Mohammed Soliman, central Gaza

In the last few days I was woken from sleep almost every hour because of the sound of shelling by Israeli forces. They have been dropping bombs everywhere.

They asked our neighbour to evacuate to our place, saying where we are is safer. But the truth is that we are not safe.

Image copyright Mohammad Soliman
Image caption "The attacks are making us stronger."

Eight people were killed in an apartment near ours, called Addawur Tawar, six of them were children.

The Israeli army has threatened many households around us saying that they are coming to bomb them.

I'm not afraid of being killed. I'm just not happy that their bombs miss their targets.

It is very dangerous to walk around here. Yesterday I went to the market to get food but on my way I had to escape many bombs.

This is a very difficult moment for us. We have no electricity and no water.

What is going in Gaza is not actually targeting Hamas, it is an attack on innocent people.

We are supporting Hamas and the attacks are making us stronger.

Vicki Myers, Tel Aviv, Israel

Nobody wanted this to happen. I was reluctant to see soldiers go in to Gaza because this would increase the death toll.

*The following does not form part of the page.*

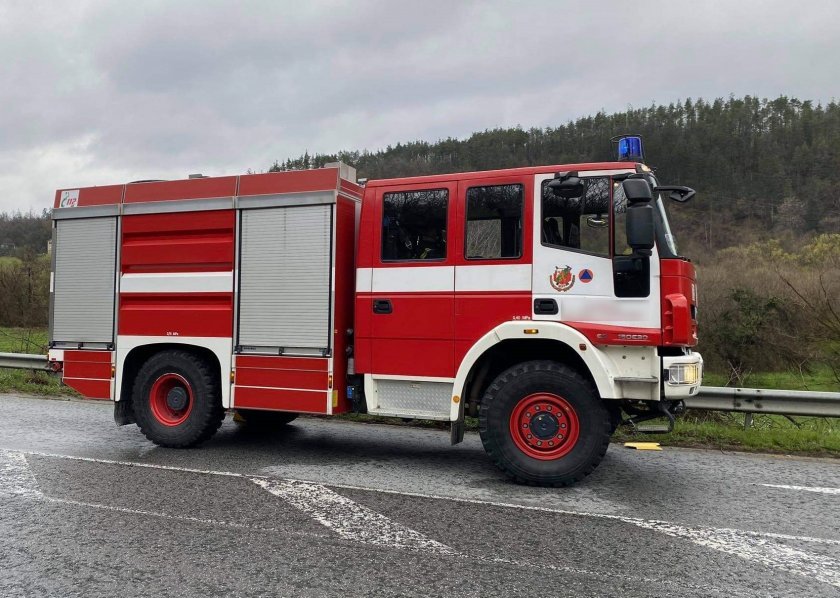 three dead after train crashed into lorry level crossing near gara oreshets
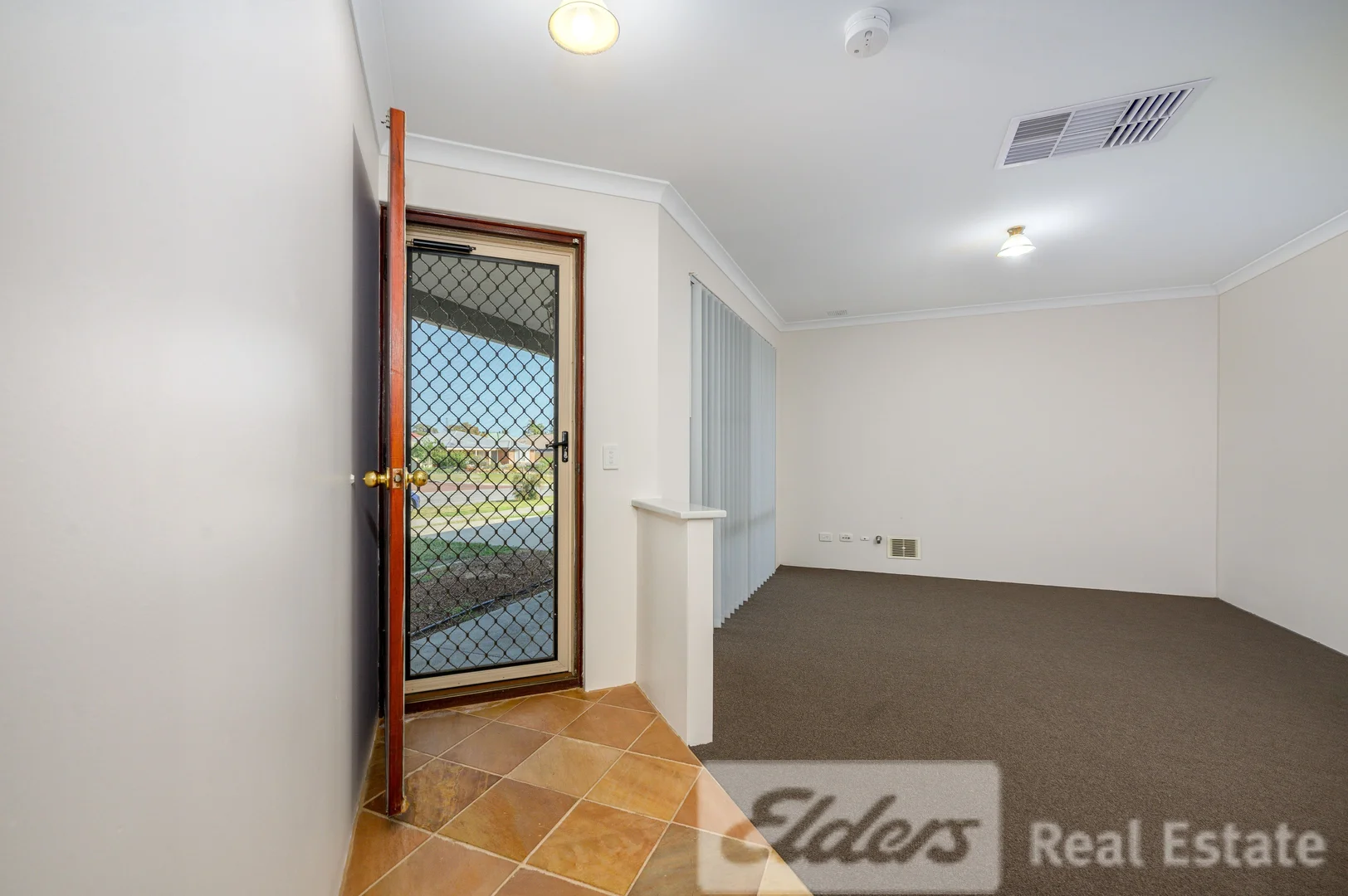 Additional image 2 of 202 Currie Street, Warnbro WA 6169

The government is doing the best they can. They're trying to minimise casualties. They're left with no options.

Image copyright Vicki Myers
Image caption Vicki Myers: 'There is a great sadness and tension in the air.'

In Tel Aviv we are fortunate, we have 90 seconds to take cover thanks to the early warning system, while in the southern towns they have just 15-30 seconds to save their lives.

The rockets have hit numerous houses, doctor's surgeries, nurseries, schools and cars, and have killed and injured people including children and babies - we are lucky not to have had more casualties.

Many children, especially those in the south, are traumatised by on-going rocket attacks over the last nine years. You see it being incorporated into their play.

There is a great sadness and tension in the air. Beyond the rocket attacks, many of my friends and colleagues now have sons, husbands and brothers enlisted and on the ground in Gaza and are worried sick about them.

Most Israelis I know feel sorry for the ordinary people of Gaza and believe they are being exploited by Hamas. It is painful to see the death toll rise and to know that all this will doubtless solve nothing.